Instructions to follow. I would like the lines below, from the one with "10 نصائح غذائية" through the one with "HEM-357 | HEM-357", copied exactly and without any pictures.

Source data.

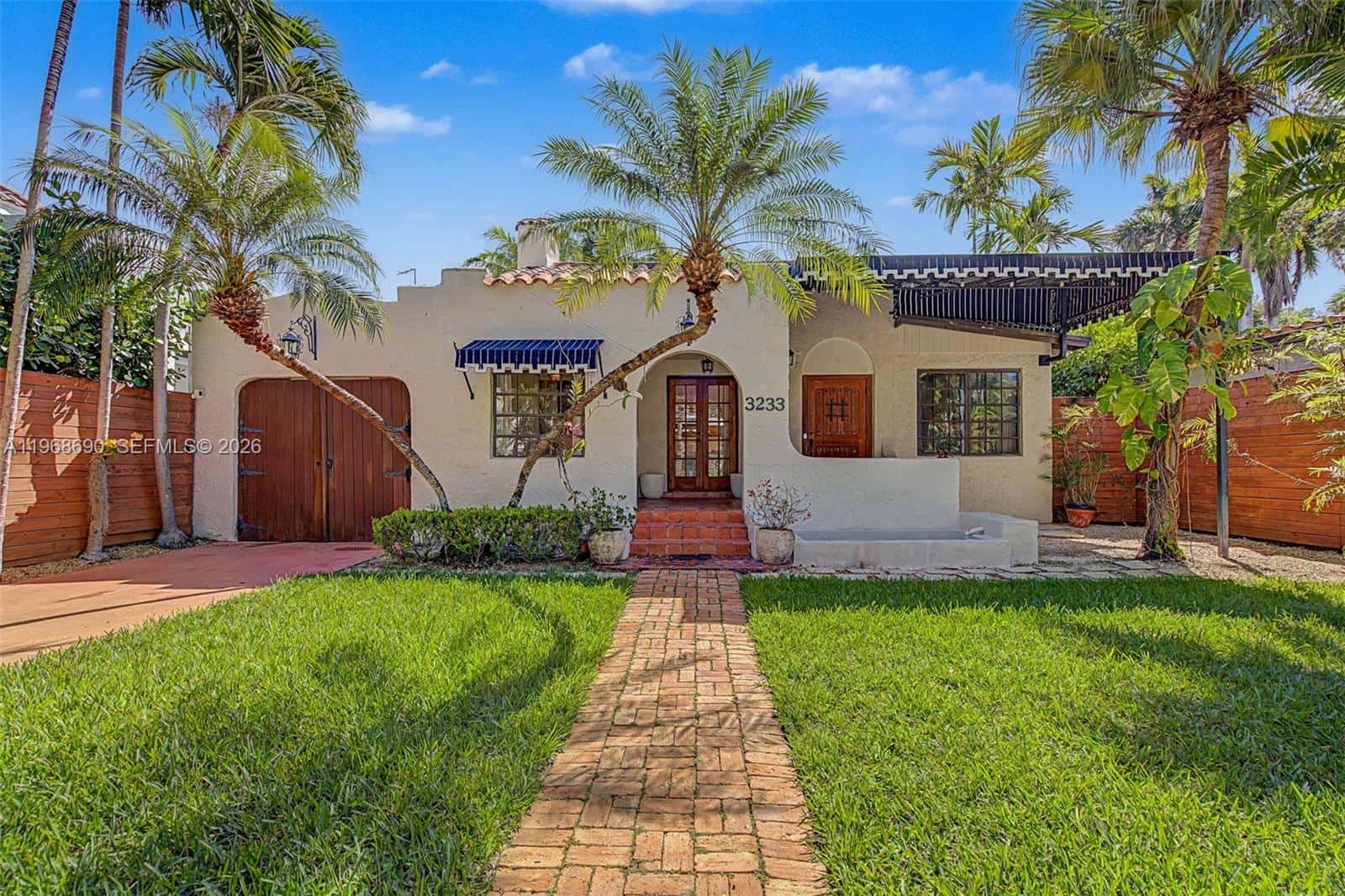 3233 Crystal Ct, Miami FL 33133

--

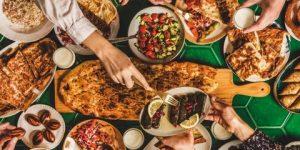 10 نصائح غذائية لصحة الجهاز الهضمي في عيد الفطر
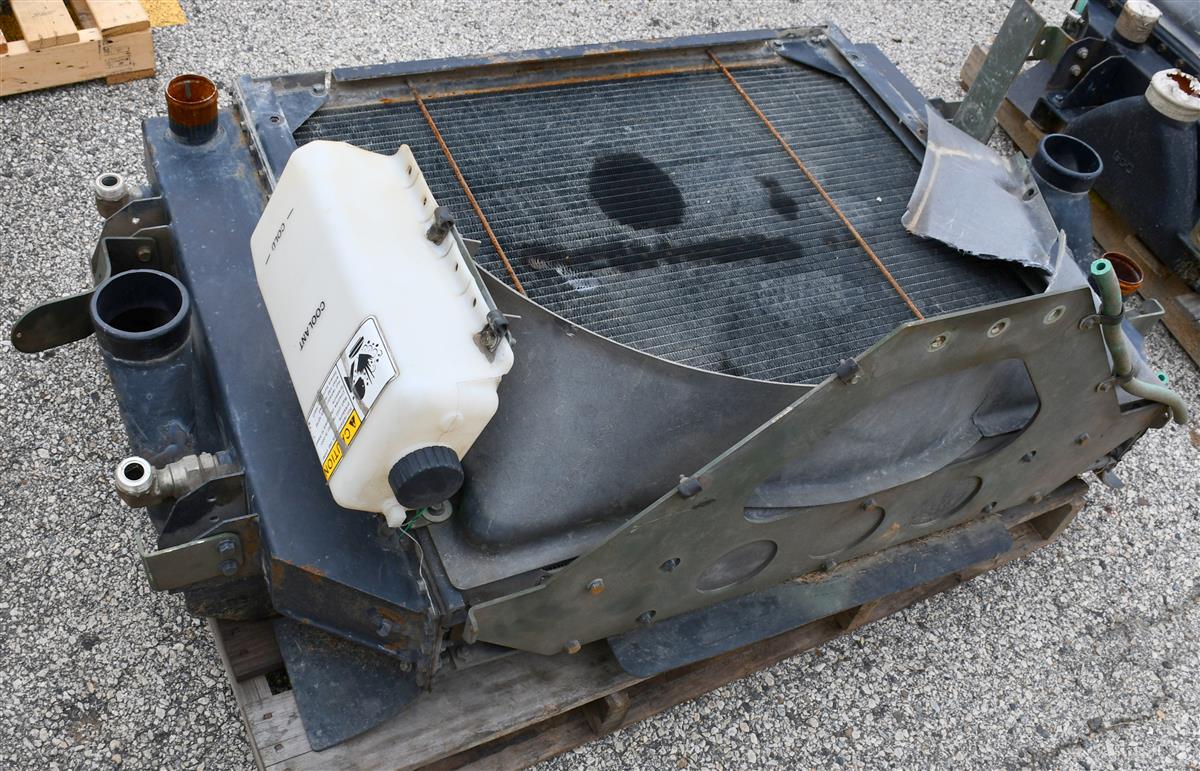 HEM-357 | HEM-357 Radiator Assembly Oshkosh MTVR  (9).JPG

* * *

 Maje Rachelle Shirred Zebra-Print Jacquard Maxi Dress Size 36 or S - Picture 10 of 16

Output below.
 10 نصائح غذائية لصحة الجهاز الهضمي في عيد الفطر
 HEM-357 | HEM-357 Radiator Assembly Oshkosh MTVR  (9).JPG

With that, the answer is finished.